--- AIM OF THE TASK ---
Your output should be the lines below from the one with "AFFLUENCE難波　仲介手数料無料のエントランス" through the one with "HONDA PILOT 2011 - 5FNYF4H98BB084360", copied exactly, pictures excluded.

──────── INPUT RECORDS

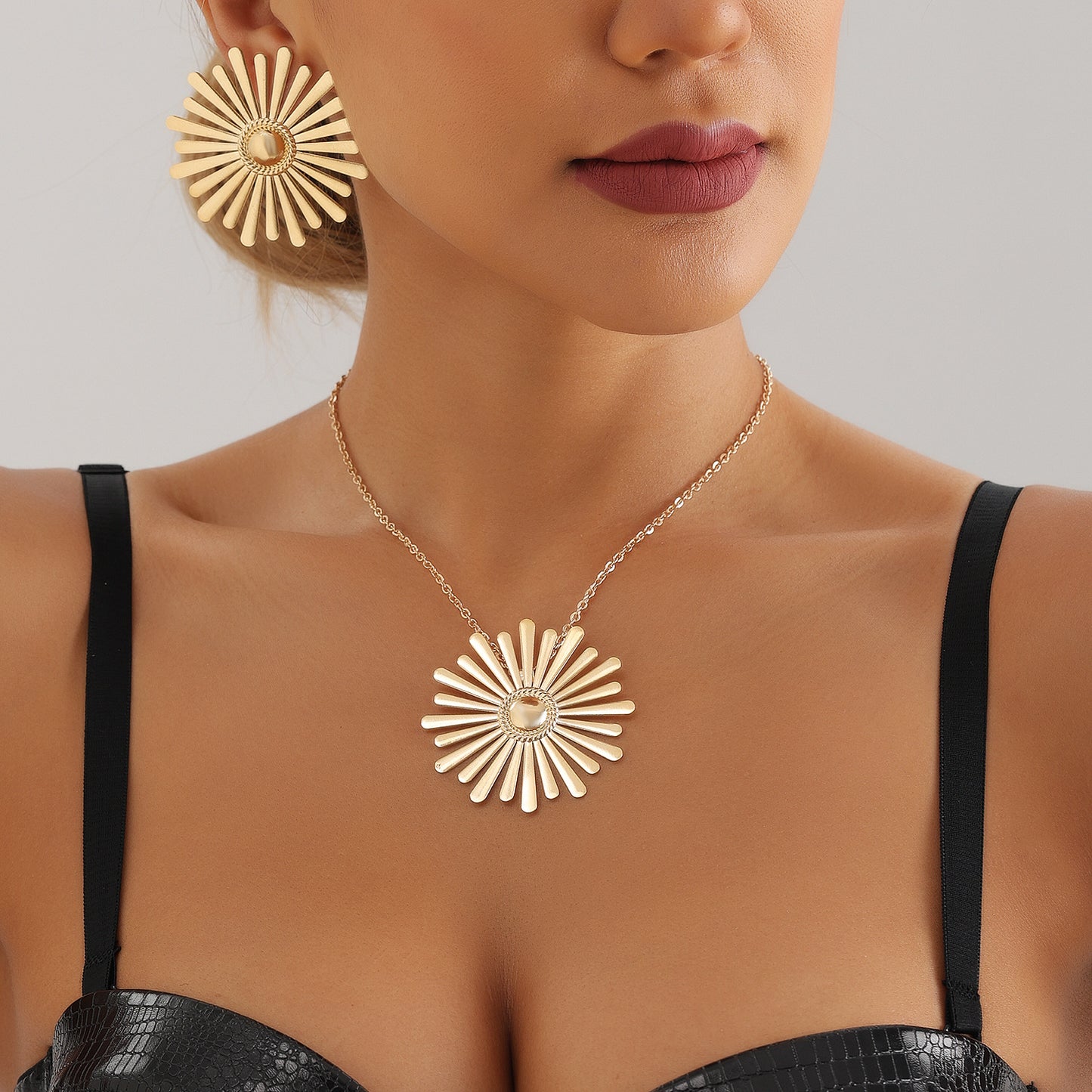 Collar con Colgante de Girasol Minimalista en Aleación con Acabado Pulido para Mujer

────────────────
──────── INPUT RECORDS

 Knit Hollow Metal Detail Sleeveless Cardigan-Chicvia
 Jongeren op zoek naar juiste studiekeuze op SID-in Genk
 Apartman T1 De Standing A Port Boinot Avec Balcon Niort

────────────────
──────── INPUT RECORDS

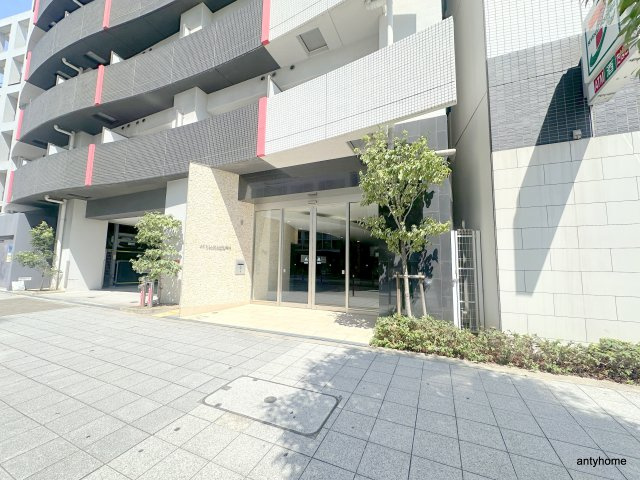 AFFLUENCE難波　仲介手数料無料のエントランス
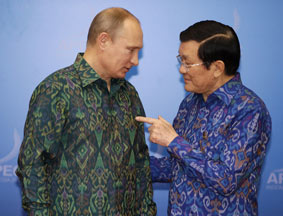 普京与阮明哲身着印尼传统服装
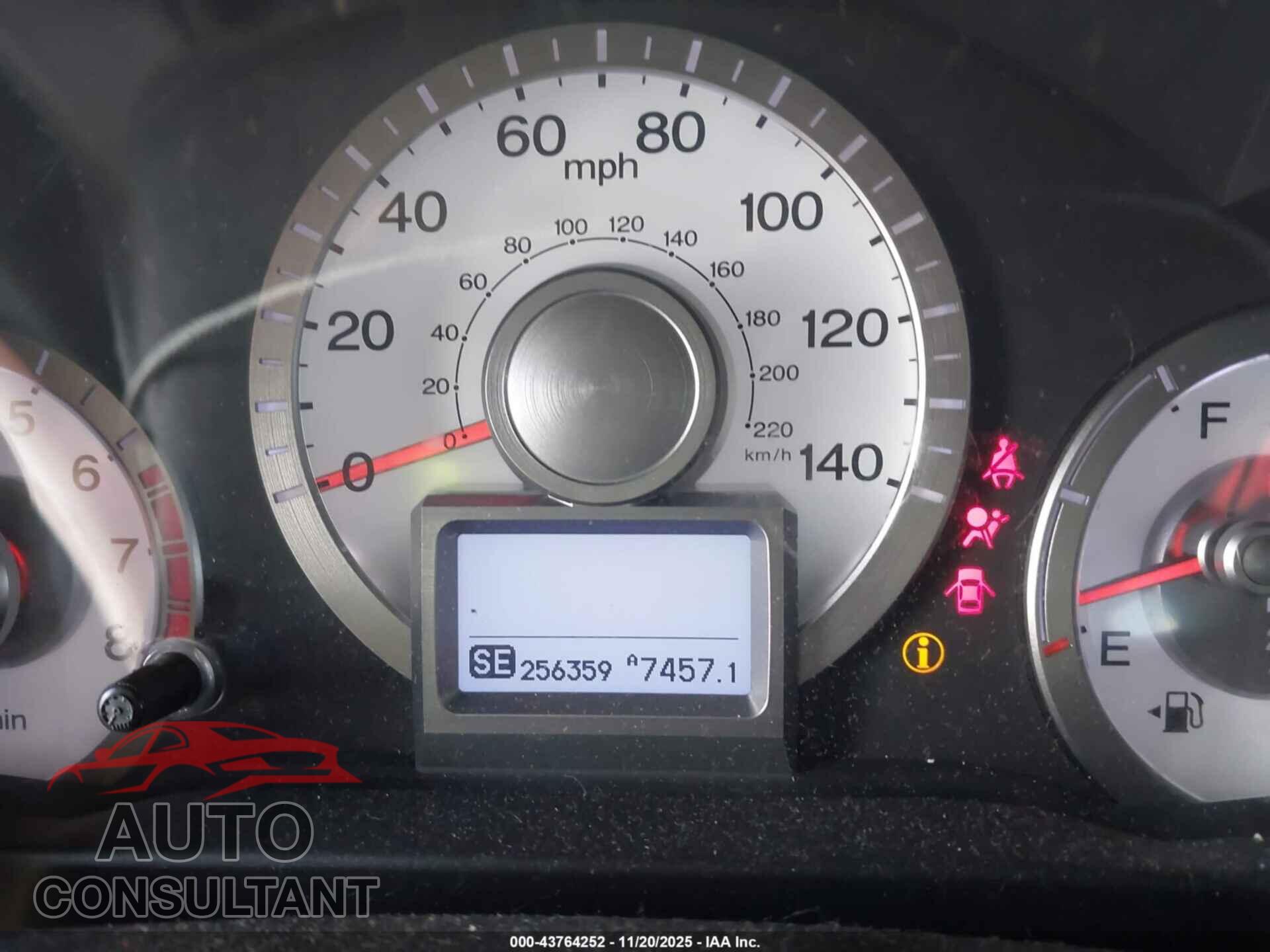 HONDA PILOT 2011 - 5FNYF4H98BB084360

────────────────

--- RESULT FOR THIS EXERCISE ---
 AFFLUENCE難波　仲介手数料無料のエントランス
 普京与阮明哲身着印尼传统服装
 HONDA PILOT 2011 - 5FNYF4H98BB084360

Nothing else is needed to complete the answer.